I mixed up James Remar with Michael Pare. I also mixed up Michael Wincott with an unnamed extra in this film. I feel bad, so many actors so little recognition ability. I mostly use IMDB to correct my loopy connection failures. There’s no mixing up Burt with anyone though. Nor Liza for that matter. Though Liza is trying to be Barbara (60s Kooky Barbara) in this one, there’s something missing in the absolutely not capricious feel of the subject matter. What I mean is, while Liz is being cute, having her kinky, nerdy John (she’s a hooker) get gunned down incidentally by a killer, just isn’t particularly cute. One would imagine seeing such a horror would tend to sober up even the most whimsical clown.

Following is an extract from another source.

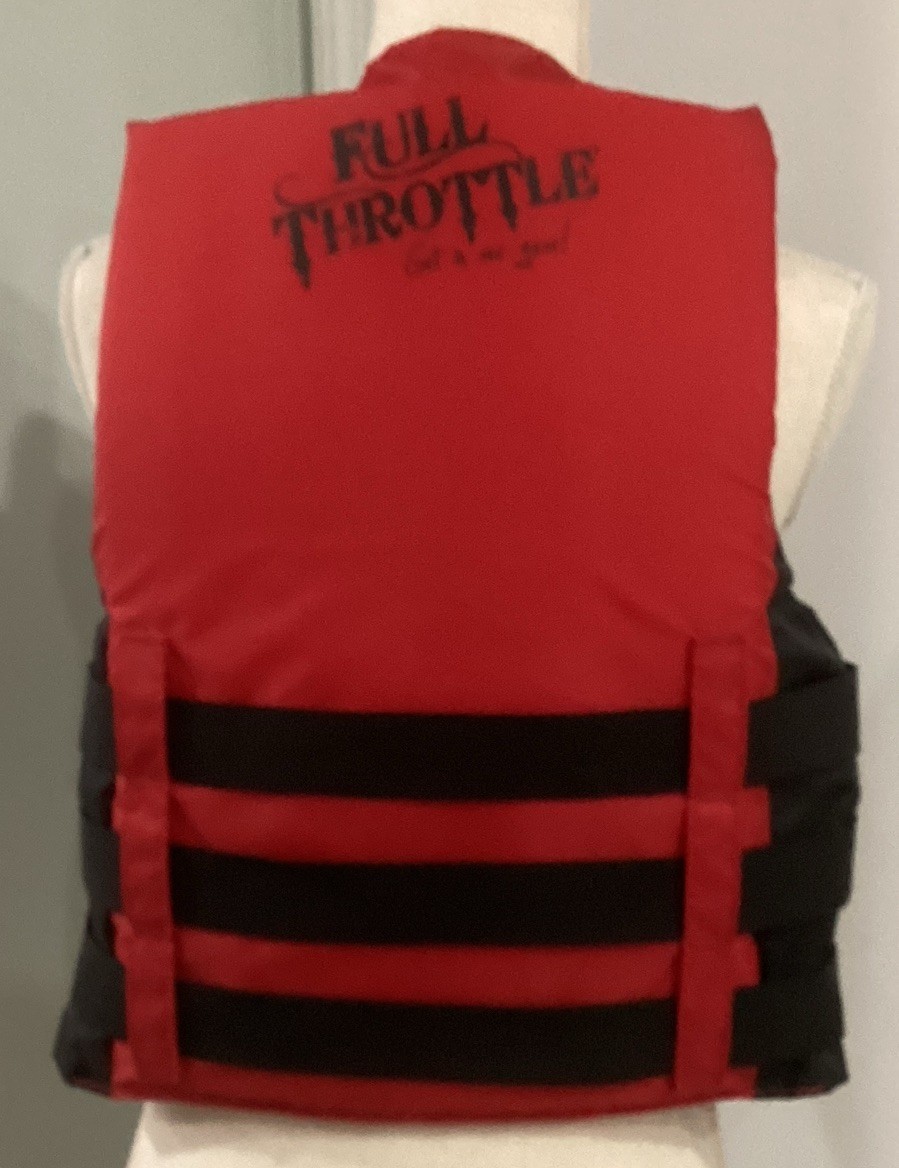 Full Throttle Life Jacket Red Adult’s S/M, Chest 32-40, over 90 lbs. New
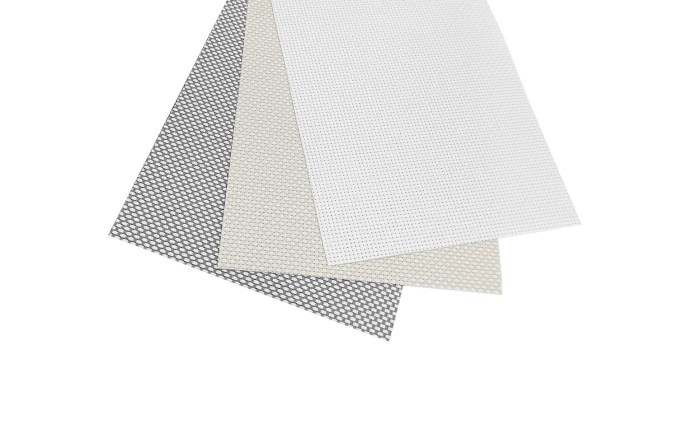 Mustertafel der Rollostoffe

Burt’s a former cop, but just because he’s been let go by the department doesn’t mean he’s not in the middle of the criminal enterprise. He also can’t seem to keep his jobs straight, as a department store Santa he pulls a gun on a thief, costing him that job as well. James Remar, always good in whatever he does, is a crappy dancer who puts on a tinted biker helmet and shoots and grenades everything in sight. He also stabs ladies on the street. Not a nice fellow, and he gets the scary character right. His best line, however, is his incredulous “Shut up.” when Liza tries to bond with him as a dancer, he clearly doesn’t believe she was in some production or other.
well you know, push comes to shove, bang bang bang, boom boom boom . . . Sigh. You really can overdose on these formulaic action films. There really are no memorable sequences and just having Burt in a bathtub getting his neck momentarily massaged for about 30 seconds by Liza does not make it sexy. It was sexier when she was being Little Red Riding Hood for her John, poor guy.
This runs free on prime in the good ole, USA but you won’t remember it 10 mins after viewing. Seriously.